Fervent défenseur des humbles et des travailleurs, ses derniers mots à l'Assemblée nationale le 24 octobre 1950, alors qu'il ne lui reste plus que quelques mois à vivre et qu'il est rongé par la maladie, sont toujours et encore pour la Sécurité sociale :

« Jamais nous ne tolérerons que soit rogné un seul des avantages de la Sécurité sociale. Nous défendrons à en mourir et avec la dernière énergie cette loi humaine et de progrès. »

L'influence de son action au service des Français est cependant à l'époque sous-estimée. Ainsi, pour annoncer sa disparition, le quotidien L'Aube ne publie qu'une courte nécrologie le 12 février, qui résume les étapes de sa carrière sans mentionner les principaux combats qu'il a menés :

« M. Ambroise Croizat, député communiste de la Seine, ancien ministre du Travail et secrétaire général de la fédération des métaux C.G.T. est mort hier matin à l'hôpital de Suresnes, des suites d'une intervention chirurgicale.

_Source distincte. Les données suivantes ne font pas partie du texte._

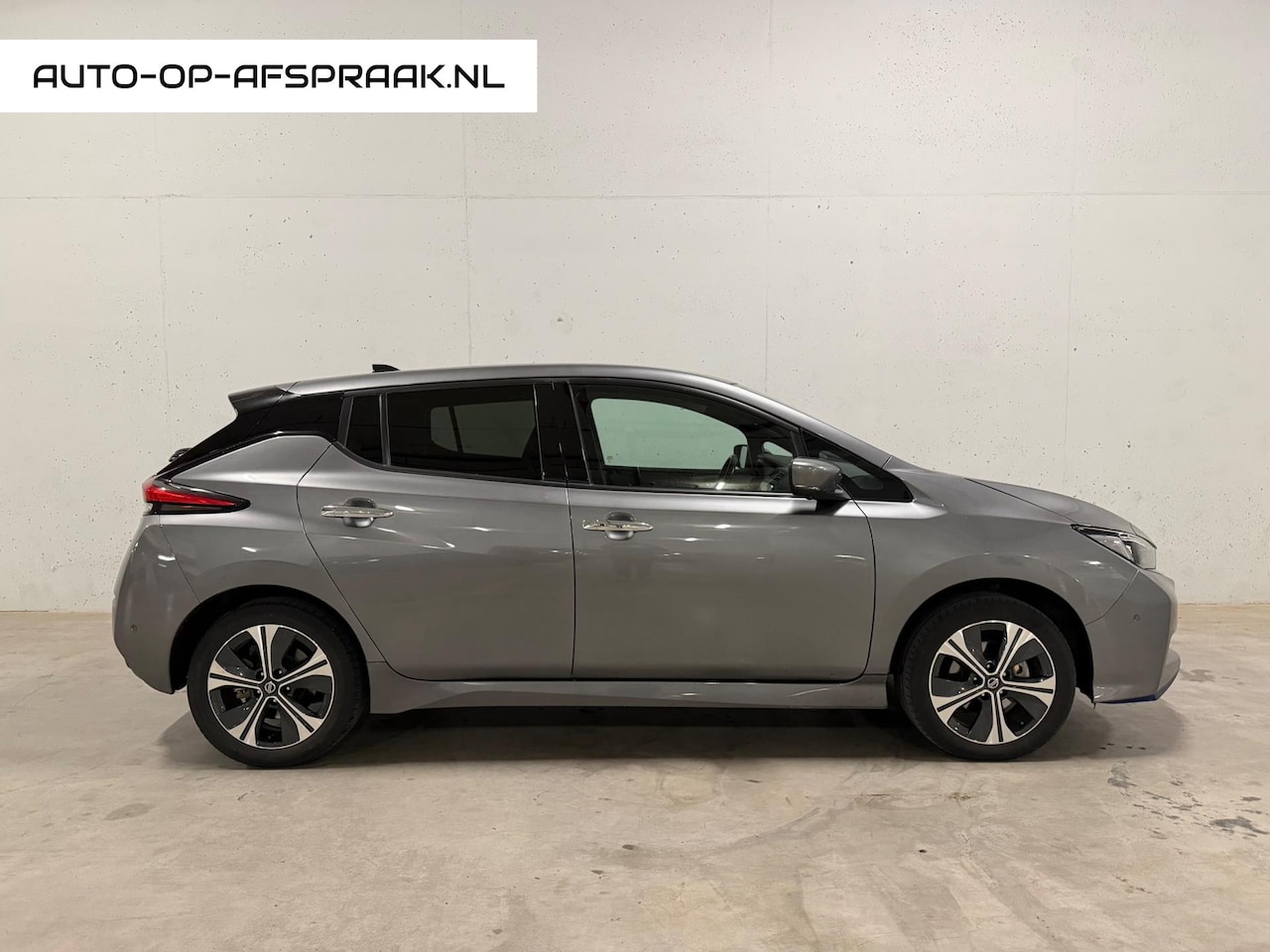 Nissan LEAF - 3.Zero Limited Edition 62 kWh Navi Camera Leer - AutoWereld.nl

Il était âgé de quarante-neuf ans… »

Le 15 février, le son de cloche est tout à fait différent dans les colonnes du journal de la gauche ouvrière L'Émancipateur qui publie une longue tribune intitulée « Hommage des femmes travailleuses à leur bienfaiteur Ambroise Croizat ».

« Notre camarade Ambroise Croizat vient de mourir ! Telle est la phrase douloureuse répétée de bouche en bouche dans la journée de lundi par les femmes travailleuses de Bourges.

Cette cruelle réalité apparaît en effet, aux yeux des travailleuses, comme d'autant plus pénible qu'elles savent ce qu'elles doivent à ce grand héros de la classe ouvrière qui, jusqu'à son dernier souffle, a fourni les preuves de fidélité, d'abnégation et de dévouement envers les travailleurs pour le bien-être desquels il a donné jusqu'à sa vie. 

Organisées par le Parti communiste français, les obsèques d'Ambroise Croizat, qui ont lieu le 17 février, sont à la mesure de l'œuvre qu'il laisse derrière lui.

Un million de personnes accompagnent en silence sa dépouille depuis le siège de la C.G.T. à Montreuil jusqu'au cimetière du Père Lachaise, en présence de nombreux dirigeants politiques et syndicaux, ce « peuple de France qui l'avait aimé et à qui il avait donné le goût de la dignité » comme l'écrira Jean-Pierre Chabrol le 18 février 1951 dans L'Humanité.

Injustement oublié par l'Histoire qui n'a pas retenu son nom, son souvenir restera vivace pour longtemps dans le cœur des militants les plus fervents. Pour conserver son souvenir, L'Émancipateur écrivait, un an après son décès, dans son édition du 21 février 1952 :

« Ambroise Croizat est mort le 11 février 1951. Ce fut un militant modèle, toujours à la tête des travailleurs pour la défense du pain et de la Paix […].

On lui doit l'institution de la Sécurité sociale, des Comités d'Entreprise, l'allocation aux Vieux travailleurs… »

Aujourd'hui, plus de 60 ans après sa mort, ce personnage central de la lutte syndicale sort peu à peu de l'oubli. Un livre sur son combat intitulé Ambroise Croizat ou l’invention sociale est paru aux éditions GAP.

La Sécurité sociale quant à elle, fidèle à sa mission, soigne toujours et encore chaque année des millions de Français.